# EXERCISE AIM
Extract only the first line of the listing and every line after it up to and including the one with "Next, underneath, let's". Omit the pictures.

---+---

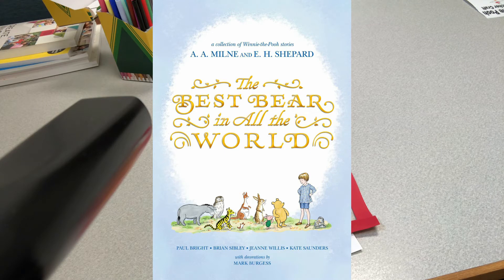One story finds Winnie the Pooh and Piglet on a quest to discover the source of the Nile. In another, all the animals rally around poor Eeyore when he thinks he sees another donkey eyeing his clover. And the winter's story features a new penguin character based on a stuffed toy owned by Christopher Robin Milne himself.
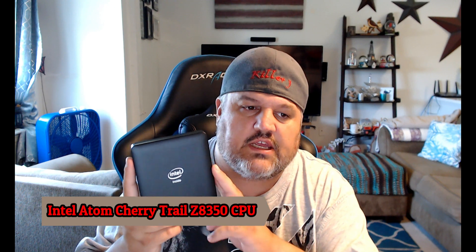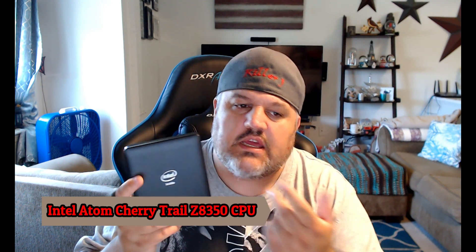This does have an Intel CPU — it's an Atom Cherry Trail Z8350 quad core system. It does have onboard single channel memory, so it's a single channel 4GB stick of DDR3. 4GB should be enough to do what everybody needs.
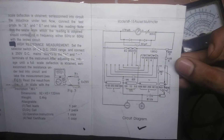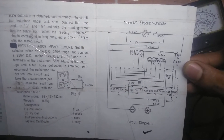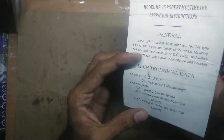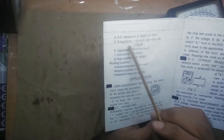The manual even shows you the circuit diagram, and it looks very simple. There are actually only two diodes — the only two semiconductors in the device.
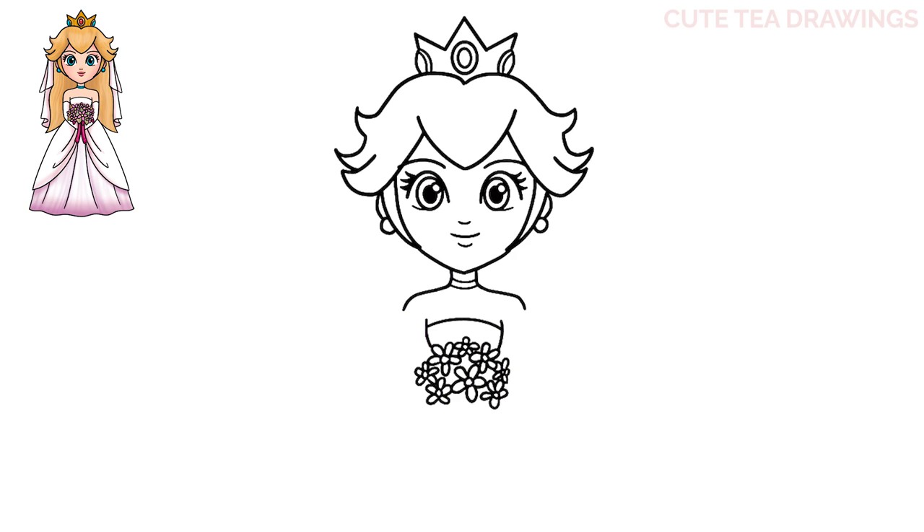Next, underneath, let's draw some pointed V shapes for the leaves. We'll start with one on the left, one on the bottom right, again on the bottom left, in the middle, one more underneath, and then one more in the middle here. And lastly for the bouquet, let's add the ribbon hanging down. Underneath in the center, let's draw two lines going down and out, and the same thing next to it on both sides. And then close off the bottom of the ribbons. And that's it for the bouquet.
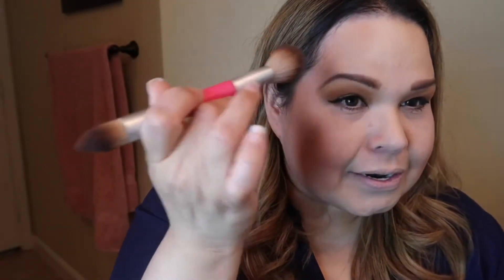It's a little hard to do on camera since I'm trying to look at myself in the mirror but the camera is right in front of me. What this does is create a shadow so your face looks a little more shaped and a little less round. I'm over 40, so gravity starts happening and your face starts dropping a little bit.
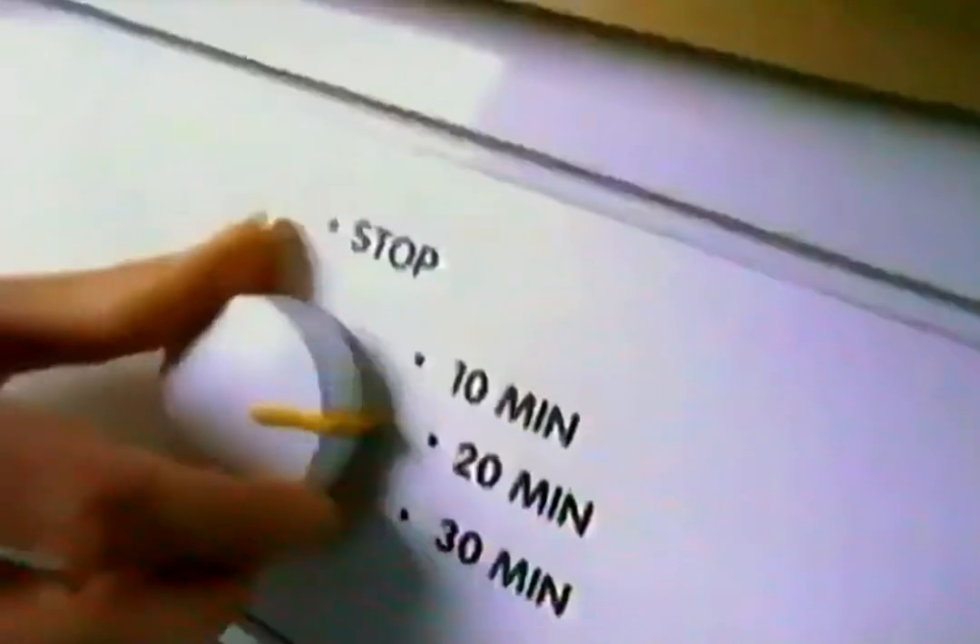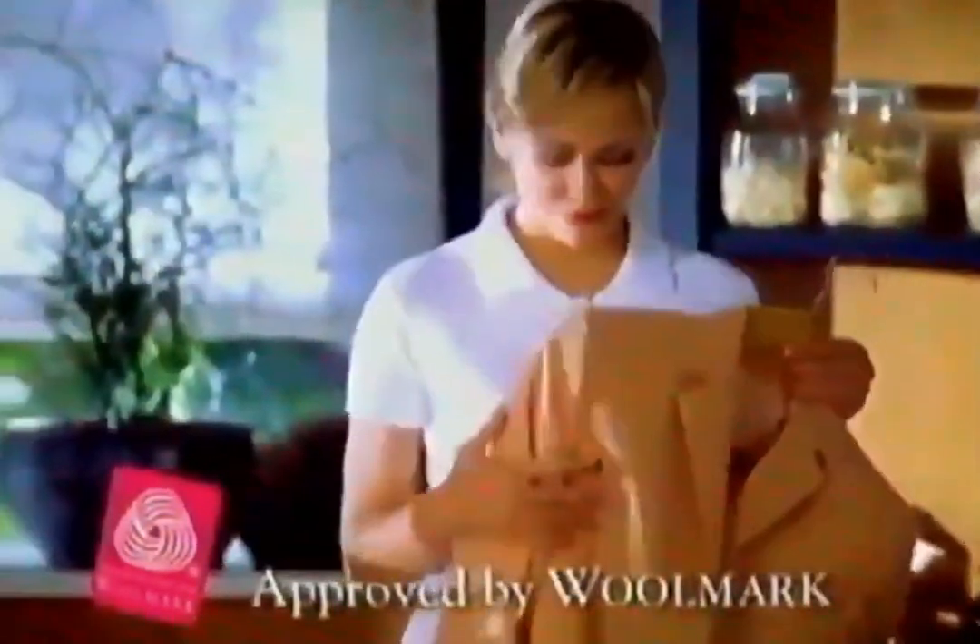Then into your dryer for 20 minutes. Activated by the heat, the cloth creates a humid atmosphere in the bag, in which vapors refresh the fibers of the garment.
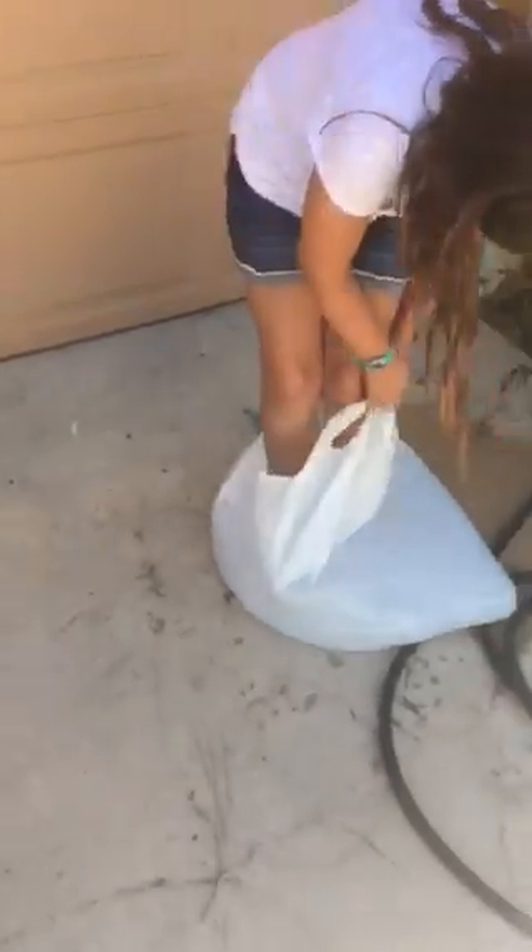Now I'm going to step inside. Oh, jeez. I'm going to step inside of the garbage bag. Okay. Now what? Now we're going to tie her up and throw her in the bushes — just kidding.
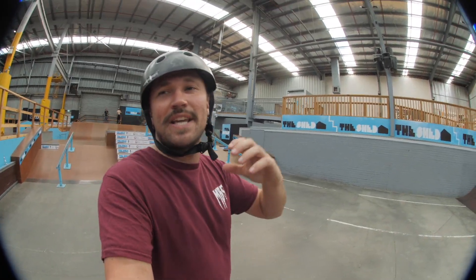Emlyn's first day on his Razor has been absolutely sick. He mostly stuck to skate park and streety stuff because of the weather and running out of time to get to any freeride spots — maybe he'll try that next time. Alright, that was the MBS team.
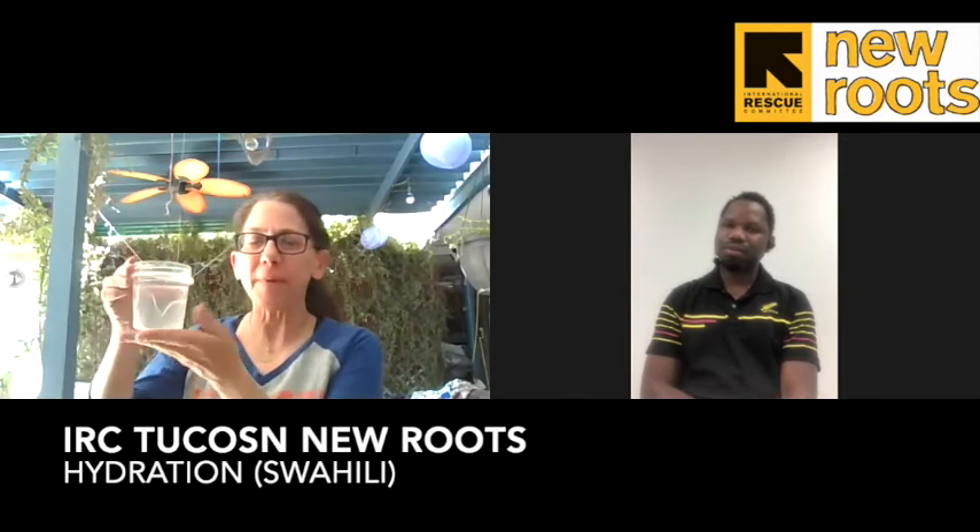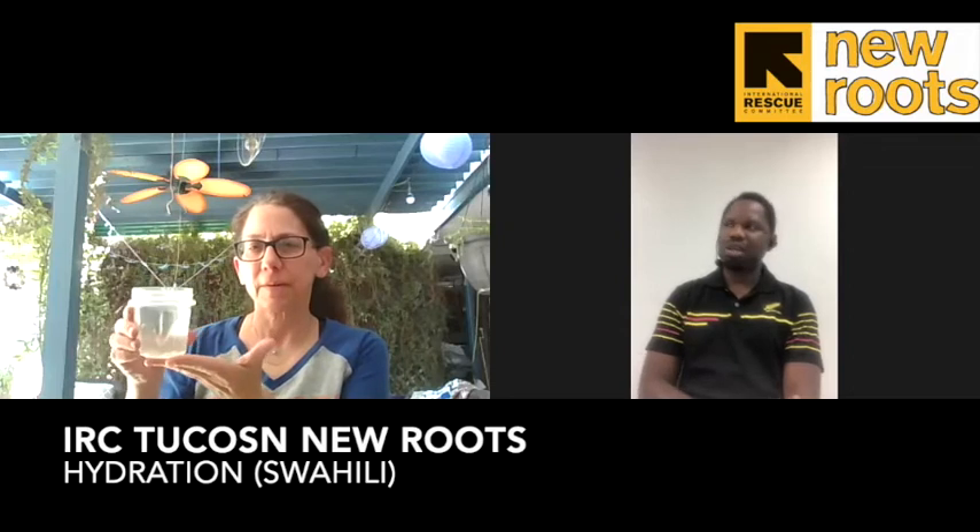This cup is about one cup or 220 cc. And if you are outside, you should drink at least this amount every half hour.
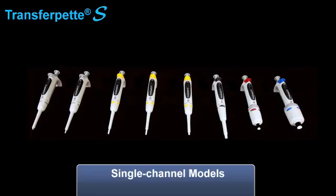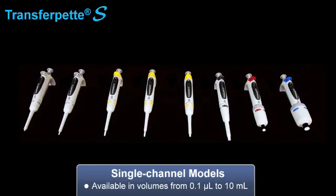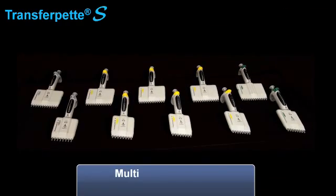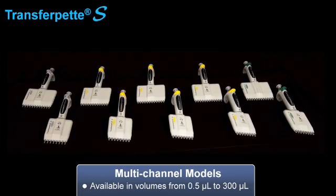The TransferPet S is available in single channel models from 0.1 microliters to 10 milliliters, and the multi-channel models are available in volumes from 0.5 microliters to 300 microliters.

---+---

# RESULT OF THE TASK
One story finds Winnie the Pooh and Piglet on a quest to discover the source of the Nile. In another, all the animals rally around poor Eeyore when he thinks he sees another donkey eyeing his clover. And the winter's story features a new penguin character based on a stuffed toy owned by Christopher Robin Milne himself.
This does have an Intel CPU — it's an Atom Cherry Trail Z8350 quad core system. It does have onboard single channel memory, so it's a single channel 4GB stick of DDR3. 4GB should be enough to do what everybody needs.
The manual even shows you the circuit diagram, and it looks very simple. There are actually only two diodes — the only two semiconductors in the device.
Next, underneath, let's draw some pointed V shapes for the leaves. We'll start with one on the left, one on the bottom right, again on the bottom left, in the middle, one more underneath, and then one more in the middle here. And lastly for the bouquet, let's add the ribbon hanging down. Underneath in the center, let's draw two lines going down and out, and the same thing next to it on both sides. And then close off the bottom of the ribbons. And that's it for the bouquet.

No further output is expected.